NVIDIA Device Plugin is a Kubernetes cluster component that manages each node's GPU, enabling more convenient and efficient GPU resource utilization. This topic describes how to upgrade and restart NVIDIA Device Plugin, isolate GPU devices, and check and update the NVIDIA Device Plugin version in Container Service for Kubernetes (ACK) clusters in exclusive GPU scheduling scenarios.
NVIDIA Device Plugin
The implementation and management policies of NVIDIA Device Plugin vary based on its version. If the Kubernetes version of your cluster is earlier than 1.20, we recommend that you manually upgrade the cluster.
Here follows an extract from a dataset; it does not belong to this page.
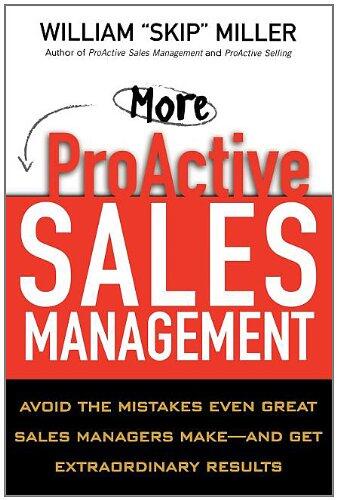 More Proactive Sales Management: Avoid the Mistakes Even Great Sales Manages Make and Get Extradinary Results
The following table describes the differences between NVIDIA Device Plugin in clusters that run different Kubernetes versions.
Item | Kubernetes 1.32 and later | Kubernetes 1.20 to 1.31 |
Deployment | DaemonSet | Static pod |
Management | Add-ons page in the ACK console | Manual maintenance |
Node label | ack.node.gpu.schedule=default | No special requirements |
Take note of the following items when you deploy NVIDIA Device Plugin as a DaemonSet:
NVIDIA Device Plugin is automatically installed during cluster creation.
If you uninstall NVIDIA Device Plugin, GPU-accelerated nodes that are added by scale-out activities cannot report GPU resources.
When you upgrade a cluster from an earlier version to 1.32, if NVIDIA Device Plugin is deployed in a static pod, NVIDIA Device Plugin will be upgraded to an ACK component.
This DaemonSet uses a node selector (ack.node.gpu.schedule=default) to select GPU-accelerated nodes for deployment. By default, when you add a GPU-accelerated node to an ACK cluster, ACK automatically adds the
ack.node.gpu.schedule=default
label to the node when executing the node initialization script.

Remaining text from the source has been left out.